# newbi - new smoker and camping weekend



## engineman (Jun 28, 2014)

Hello all

joined the main forum this week, and been browsing this UK section.

just bought my first smoker, the brinkmann gourmet, so am about to tackle all the mods that seem to be all over the internet

The camping weekend caught my eye, looks like will be a gaff. More food than a few folks will ever be able to eat.

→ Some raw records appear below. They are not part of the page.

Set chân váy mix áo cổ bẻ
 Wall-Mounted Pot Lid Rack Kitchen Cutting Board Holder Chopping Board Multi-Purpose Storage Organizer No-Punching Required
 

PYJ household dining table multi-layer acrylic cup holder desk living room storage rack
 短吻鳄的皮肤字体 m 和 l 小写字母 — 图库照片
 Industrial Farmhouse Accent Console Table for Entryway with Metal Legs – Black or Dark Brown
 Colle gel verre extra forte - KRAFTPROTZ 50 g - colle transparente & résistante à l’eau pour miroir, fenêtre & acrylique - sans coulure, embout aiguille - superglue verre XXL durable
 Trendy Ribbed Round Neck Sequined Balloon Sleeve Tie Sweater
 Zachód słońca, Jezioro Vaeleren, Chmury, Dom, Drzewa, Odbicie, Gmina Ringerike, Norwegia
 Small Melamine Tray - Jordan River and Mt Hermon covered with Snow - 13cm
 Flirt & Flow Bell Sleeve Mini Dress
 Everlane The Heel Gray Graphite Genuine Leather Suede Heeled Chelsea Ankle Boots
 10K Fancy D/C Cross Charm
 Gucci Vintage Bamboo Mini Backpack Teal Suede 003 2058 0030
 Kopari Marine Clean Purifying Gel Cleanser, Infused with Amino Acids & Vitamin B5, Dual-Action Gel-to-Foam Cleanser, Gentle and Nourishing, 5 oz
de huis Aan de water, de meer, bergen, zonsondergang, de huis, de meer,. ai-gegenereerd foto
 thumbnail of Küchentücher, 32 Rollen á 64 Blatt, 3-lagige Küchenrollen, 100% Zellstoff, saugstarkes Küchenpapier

Cant see where anyone says they have actually booked the site?


----------



## kc5tpy (Jun 28, 2014)

Hello.  IF you read EVERY post on the link I sent you will see where folks have booked, TOO time consuming!  We don't have many folks coming, maybe 6-10 couples have booked.  There will not be just you and me.  As a first time get together weekend I'll take it.  The Group has only been going since November 2013.  I'm not sure you can still find a space as they are really busy and a really nice campsite.  If you can't get a campsite I hope you will consider coming for the Saturday, we would love to have you.  You might try booking a eco pod if no campsite is available, they have put in a couple more.  Should be a great day for talking smoked food and exchanging ideas and recipes.  If I can help in any other way please feel free to PM me.  Hope to see you there.  Keep Smokin!

Danny


----------



## smokin monkey (Jun 29, 2014)

Hi Engineman, hope you can make the Weekend Smoke.

Smokin Monkey


----------



## wade (Jun 30, 2014)

It would be great if you can make it

Wade


----------